Last fall (8/17/2012), as a part of course requirements for EDU6918 (MTMS) at SPU, I wrote a blog post entitled “The Teacher I Hope to Become”.  In this post I would like to reflect on that post, and update my goals, especially in light of my Personal Development Plan, which I have just recently drafted.

When I wrote the original blog post, I was 14 days from my last day at Microsoft.  Those were busy days:  wrapping up one job, looking forward to another, finding a new place to live, and renting out the old place, to name just a few.

However, and despite the hectic atmosphere swirling about that post, it still resonates with me.  Here are the points revisited, revised and revitalized.

“focus on the calling … in the job”

It was wryly pointed out to me at the time that although I posted on how I left Microsoft, I have never really posted on why I left Microsoft.  [There is a lot of pause between the period in the preceding sentence and the start of this one.]  Here’s the one-sentence answer to the why-question:  I wanted to have more impact.  In other words, I wanted to touch young lives, to see a fire of hope kindled, and dreams of potential take flight.  No vocation in the world does what teaching does.  Every job in the world involves teaching or training, but no job takes such amazing raw material that is youth and nurtures it and inspires it to achieve great things.

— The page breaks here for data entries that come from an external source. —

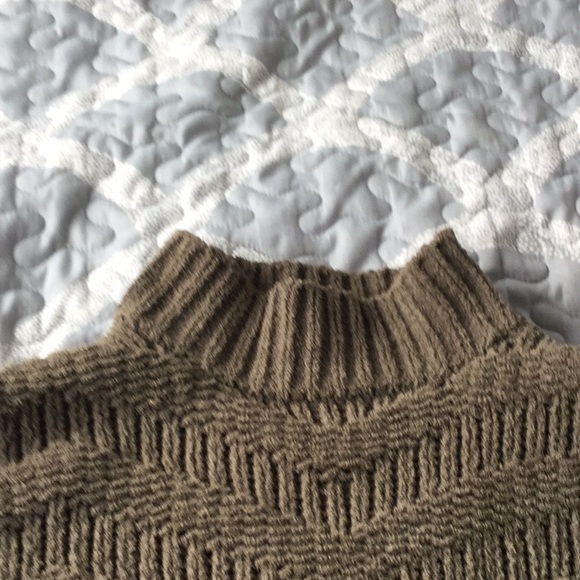 Textured green sweater - Picture 4 of 6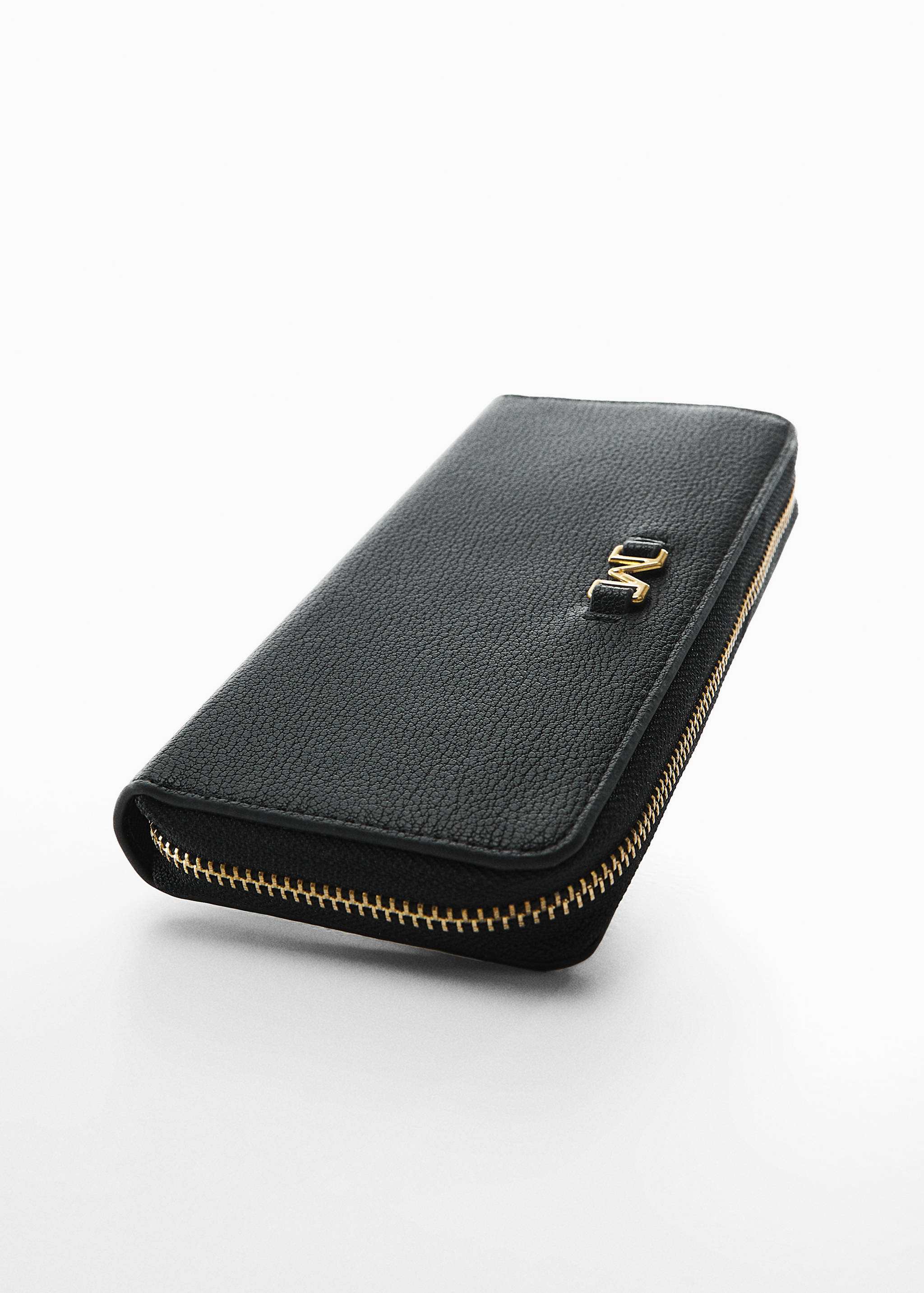 Bitlletera logotip relleu - Detall de l'article 5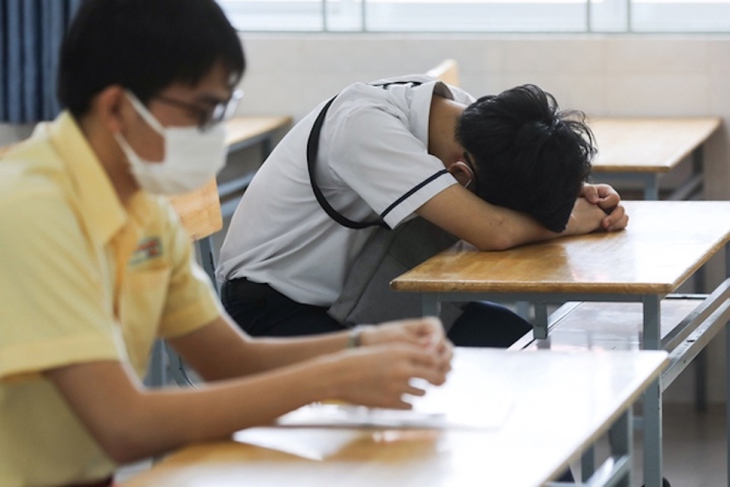 Cơ hội nào cho sĩ tử nếu lỡ "tuột tay" khỏi cánh cửa trường đại học? - Ảnh 2.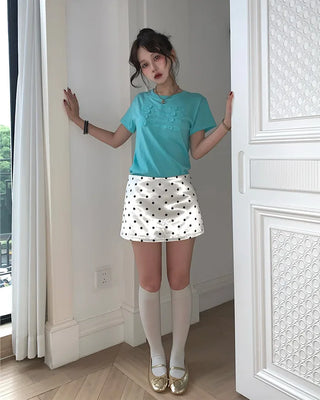 Button design T-shirt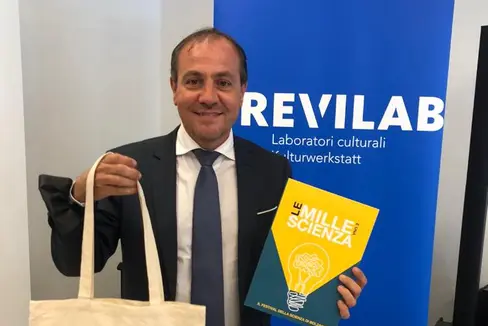 L'assessore Giuliano Vettorato durante la prima edizione di Le mille e una scienza. (Foto:ASP)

What I like about the personal development plan is that every development activity of the teacher must be measured against impact on and for students.  Am I a teacher that likes technology, that’s great, but if a student isn’t impacted in their learning or understanding through that passion of mine, then the effort is akin to a hobby in the garage on a weekend, it is not education.

“the adventure of inquiry”

In my prior post I described my teaching as a chance for me to become “reacquainted with ‘old friends’ in math, science, engineering and technology” hoping by transference to introduce my students to “old friends” in the hopes that therein they would find a new friend, or two.  This first year has definitely lived up to those expectations in the classes and electives which I have had a chance to design and teach.  There is so much that is readily accessible to students today, from the well-worn paths of knowledge to the very forefronts of our understanding.  Inquiry is about asking questions, and seeking answers.  What I love about teaching is not having the answers but asking the questions, and helping others find a voice for the questions they have.

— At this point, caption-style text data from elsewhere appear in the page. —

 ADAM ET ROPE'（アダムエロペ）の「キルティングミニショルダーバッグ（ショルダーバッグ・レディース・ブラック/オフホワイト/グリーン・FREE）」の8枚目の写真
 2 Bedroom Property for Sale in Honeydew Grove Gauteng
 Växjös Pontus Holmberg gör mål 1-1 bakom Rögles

The personal development plan has some good categories about making curriculum accessible to students of diverse needs and backgrounds.  I have a lot to learn and grow there, and the plan starts to chart a course.

“it is about relationship”

If teaching were only about a mere transaction of fact from one person who knows a fact to another person who has not yet encountered said fact, then I guess education would be completely understood, and also completely uninspired.  Other Microsoft folks that have gone into teaching say that their new job is an order of magnitude more intense than their job for the software giant.  My theory about that is explained by the emotional connection that needs to occur before any real teaching can take place.  This year I have already seen that without some passion from me, there is no chance that a passion in a student will spontaneously ignite.  Sometimes, it is purely my excitement and a student wanting that excitement and willing to invest a little, which has mean the difference between engagement and indifference.

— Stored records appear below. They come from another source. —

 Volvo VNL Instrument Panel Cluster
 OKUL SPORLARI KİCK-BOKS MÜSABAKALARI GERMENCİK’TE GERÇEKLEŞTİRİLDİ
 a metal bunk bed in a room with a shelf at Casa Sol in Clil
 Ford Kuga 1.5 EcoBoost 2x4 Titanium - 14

My personal development plan recognizes that relationships not only between teacher and students plus parents, but also between teacher and colleagues plus  administrators, plus staff are essential.  To nurture those through communication, and through participation in various forums will be essential for my growth.

“forge impatience into a love of the process”

In recognition of my tendency to impatience, I wrote in the prior blog post that this attitude would need to change.  I would like to think that in the past year, I have forged my desire for immediate satisfaction to a more seasoned, long-term view.  It is certainly true that students need to see that example, and I hope to address that in a future version of my personal development plan, if it is not there explicitly this time.

“education is about process”

Following close on the prior point, but taking it one step further, I wanted to cut myself some slack in the first year, and remember that the immature person would expect to be able to switch careers immediately and be expert in the new environment without any failures, fits, starts, or signficant setbacks.  However, in order to model for students the value of resiliency, or help them see their own resiliency and how to foster and strengthen that in them, I need to share my growth more transparently, and especially where I have been disappointed with my own failures or shortcomings.  Through that honesty, and the requisite redemption, we set a path where they can also fail, be ignorant, and mess up, but grow through it all.  I guess the personal development plan embodies that whole sentiment.

Finally the real commitment in all of this is to do a blog post like this each time I revise my development plan, and share what I have seen through the reflection.